By Juliette Lamoureux
I became part of Wicks’ Lab as lab manager and research assistant last fall. Joining in on June’s course on shock experiments, I was introduced to the basic physics and set-up of dynamic compression experiments and assigned velocimetry and X-ray diffraction data to analyze. Then, in December, I was invited to join an experimental campaign at the University of Rochester Laboratory for Laser Energetics (LLE).
One assigned mission of LLE is to produce experimental scientists in high energy density domains. The atmosphere there exudes commitment to this mission; it was an incredibly welcoming experience to visit as a beginner in the field of mineralogy at extreme conditions. I was encouraged to track down staff scientists and faculty to learn about their projects. It was moving to realize that this was the place where June earned some of her stripes- among many of the same directors, engineers, and scientists that we would be working with for this campaign.

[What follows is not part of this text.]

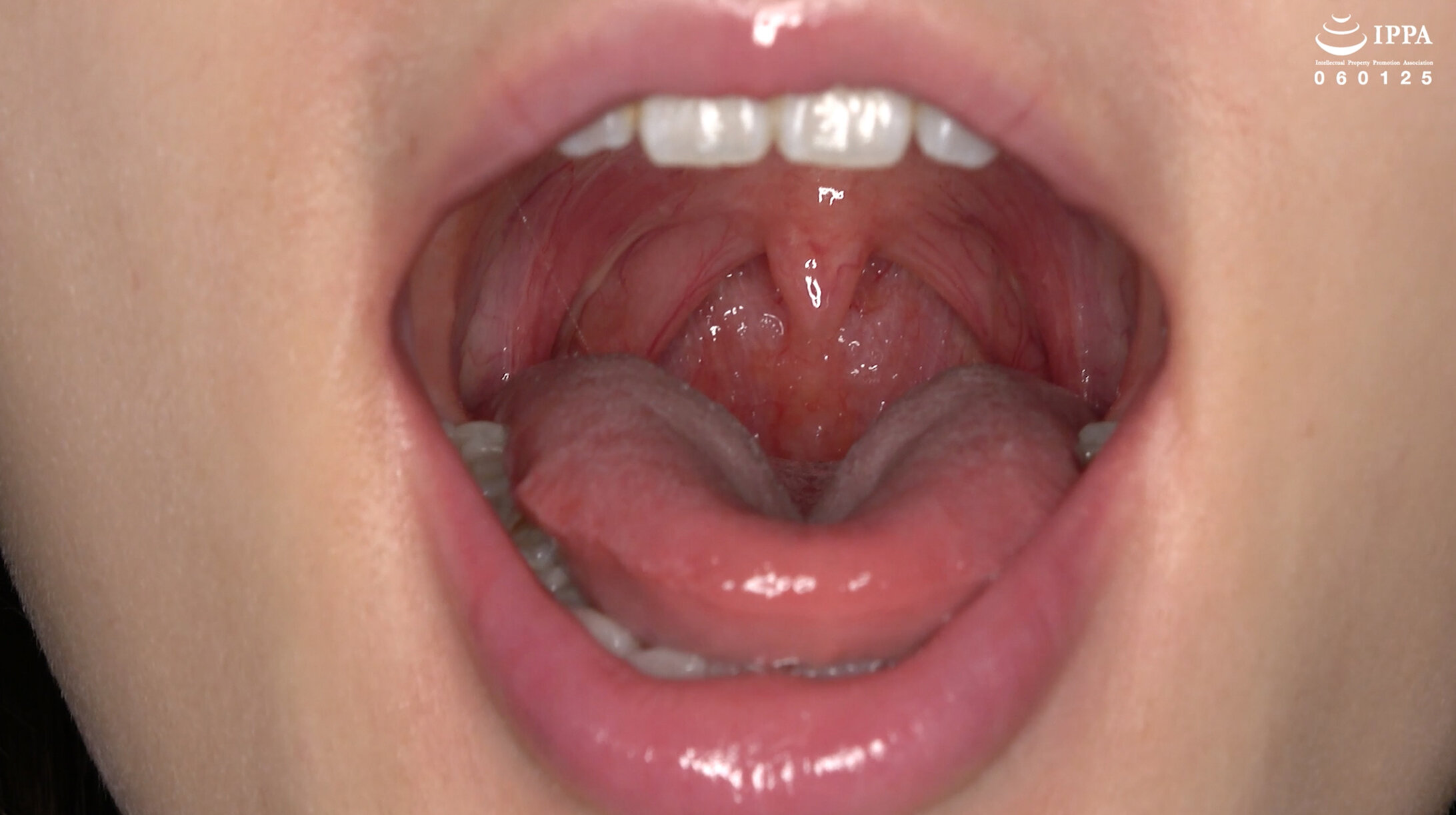 パッケージ画像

Although I was only picking up some of their terminology, the importance of precise communication between our team and LLE became clear during shot day preparations. Each experiment, or “shot”, of that day had a precise set of specifications for laser energy and configuration based on sample type and objective, and adjustments based on hypothesized problems with data quality from previous campaigns. Shots of the same sample type were spaced out among other types, in the day’s plan. This allowed for the best chance to check for any issues and make adjustments to laser power and timing, and to see if a sample had successfully reached the target pressure. Back-up shots were detailed in the plan, in case a new configuration wasn’t working, or in the case we got what we needed and had time for an extra shot.
We arrived in Rochester ahead of the assigned shock day to prepare, and to construct the boxes that would hold the image plate that would record the in situ diffraction patterns of our samples under high pressure. My job on shot day would be to graph the laser’s energy levels right after each experiment. There were two groups of lasers: a group of lasers that would generate the shock-inducing pressure wave in the sample, and the lasers that hit our “backlighter” to produce X-rays a few nano seconds later. While others built the X-ray image plate boxes, I practiced downloading and plotting beam profiles, timing myself performing the steps required to produce the graphs and post them to our shared slides.

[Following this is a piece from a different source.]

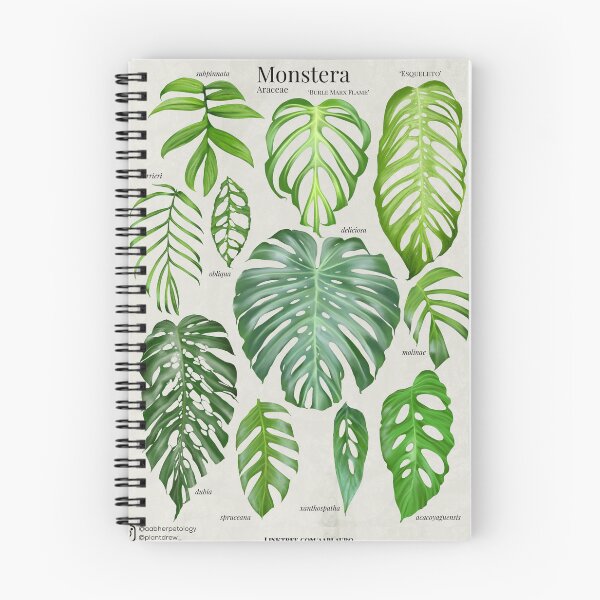 Item preview, Monstera I designed and sold by AABExotics.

On shot day we gathered together early in the morning with the engineers, technicians, staff scientists, and shot director. June briefed the room on our scientific objectives and the shot plan for the day for a final once-over of the various configurations planned and their back-ups. The director then received reports from each system’s representative, going around the room, calling on each for their status. Our big day in Rochester was a high intensity experience all the way through. It was an extremely energetic collaboration to support the decisions of the PI with our organizational, analytical, or technical contributions. After each shot- which required set up and take down, collection and posting of data by LLE staff- each of us in the extended Wicks group collected and presented some aspect of the result for discussion and decision making. Tweaks to positioning and laser energies were workshopped and enacted by LLE engineers. In the high-focus efforts of all of us in collaboration, we were driving forward LLE’s mission to conduct research and development in high energy density domains. Together, led by the creative efforts of June and her collaborators, we accessed new areas of high pressure-high temperature, and saw crystal phases for the first time. This work continues to pave the way for new questions and new experiments to be created.
The next day I received a tour from Dave Canning, shot director of the campaign, of the system of lasers that we used for our experiments, as well as another housed by LLE, developed for the purpose of achieving inertial confinement fusion. My tour guide described how a laser beam is generated in the basement level of this enormous space, and then routed and reflected, and split again and again into many beams; then the wavelength is altered. He emphasized how much precision and how many individuals are involved in the production of each nano-seconds long, densely concentrated laser pulse. There’s also a wide variety of research that goes on at the facility, with associated diverse configurations. Considering the complexity and precision required, each experiment is a real accomplishment. But the organization of LLE, founded on principles that informed the Navy’s structure of coordination and execution, has made for a singularly successful institution in this domain. I felt inspired and welcomed to be part of facilitating this science even in my small way.